Gallery: London’s Locally-Sourced 55 Baker Street Refurb


Reminding us that there are many ways to approach sustainable architecture, the original 1950s Mark & Spencer’s headquarters has recently been renovated using all local materials, by British design firm Make. Much of the design within the 55 Baker Street building has been made by local British designers, such as the foyer interior by furniture maker Davison Highley, lifts by Elan, and toilet roll holders by the London-based-ironmonger izé. We’re all for making the old fresh again using local talent and ingenuity.

Just like eating locally reduces food miles, sourcing materials locally reduces building miles, reducing CO2 emitted in travel and shipping.

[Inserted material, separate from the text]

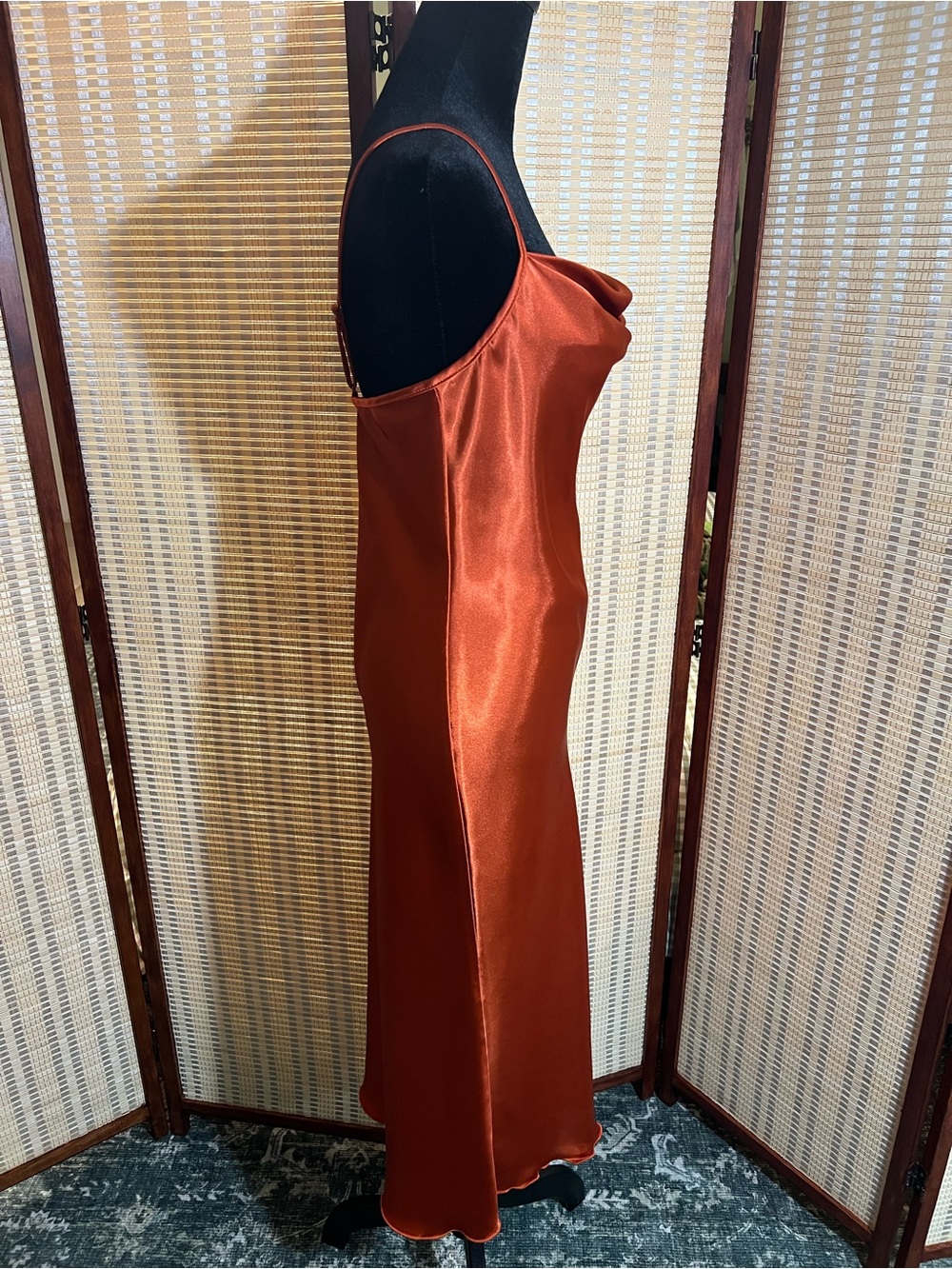 Bebe Satin Cowl Neck Slip Midi Dress 🍊 - Picture 4 of 6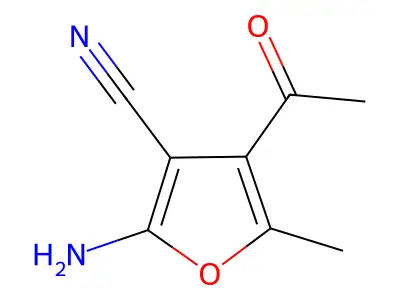 4-Acetyl-2-amino-5-methyl-3-furonitrile structure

It’s also made it easier for the architects to work with the bespoke designers they ordered furniture off. “If they had sent their drawings to the Far East, they wouldn’t have got the nuances of the detail that we were able to produce,” says sales director, Tim Armitt.

Instead of demolishing the existing building, architecture firm Make decided to leave most of the building in place and only refurbish the interior, saving energy and materials. 50% of the existing building fabric remains. The foyer’s 12 columns were replaced with a sculptural tree-like structure made by Watts in Bolton. It’s on castors, allowing it to be moved through the building.

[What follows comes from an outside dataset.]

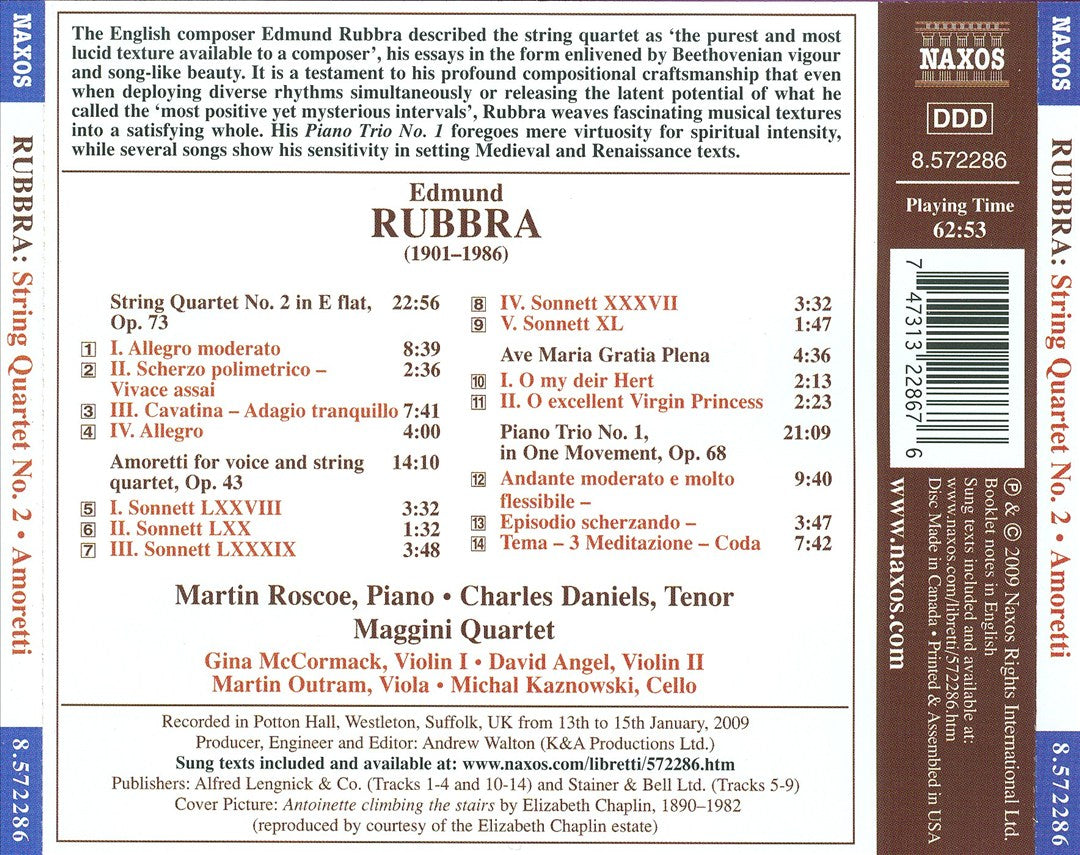 Edmund Rubbra: String Quartet No. 2; Amoretti; Ave Maria; Piano Trio No. 1 cover art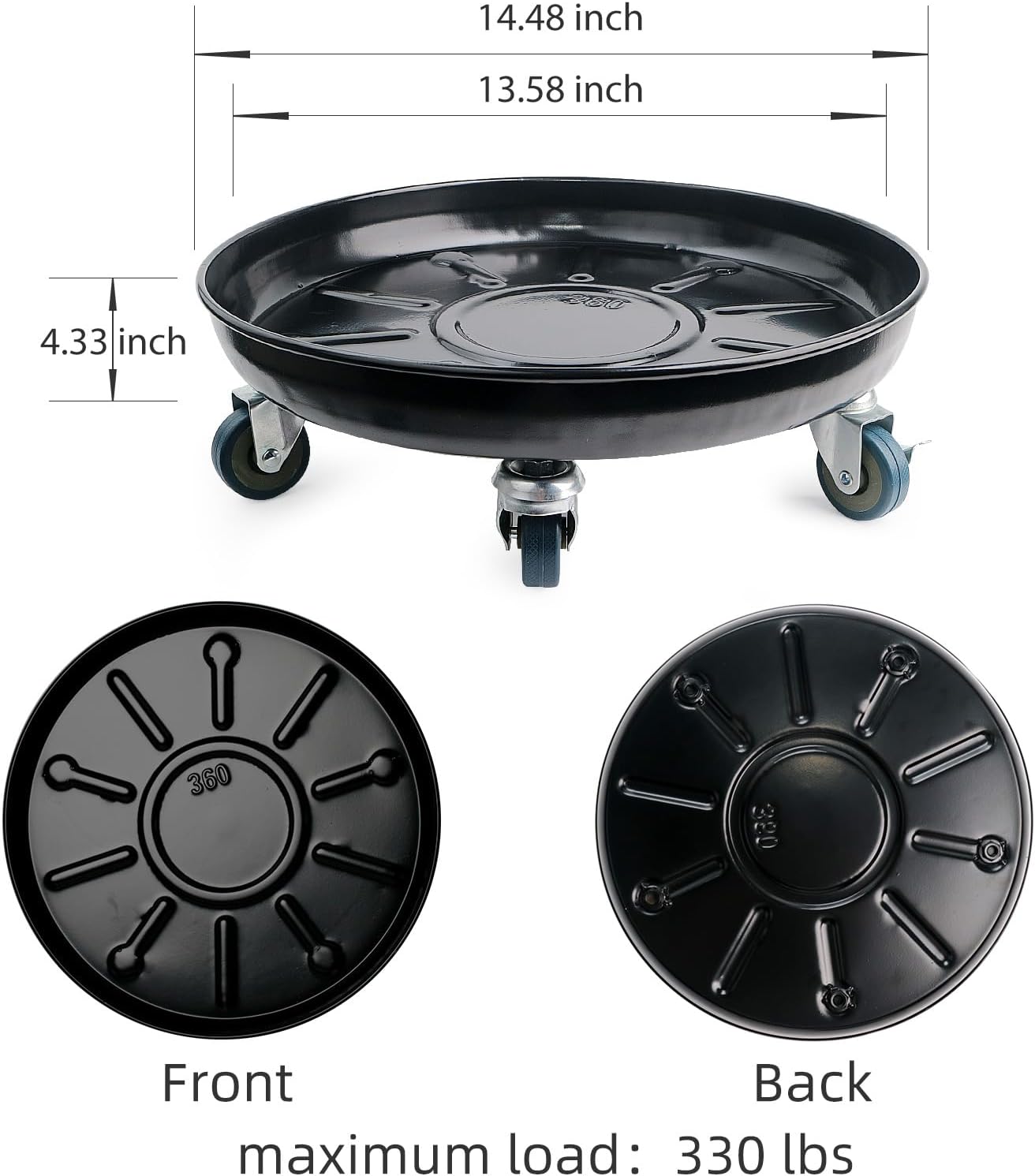 Choclaif Plant Caddy with Wheels,2 Pack Black Heavy Duty Plant Stand with Universal Wheels,Round Pot Trolley for Indoor Outdoor (14)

Over the years, M&S added more and more non-structural elements to the interior, creating a veritable warren. Make stripped all of these away, fitting out the existing concrete infrastructure with a seven-storey atrium to be lit by programmable LEDs, designed by Jason Bruges studio in Shoreditch to be controlled by a host of guest artists. The building also makes use of bespoke chilled beams with holes which can be controlled individually to maximise energy efficiency and reduce running costs and carbon emissions.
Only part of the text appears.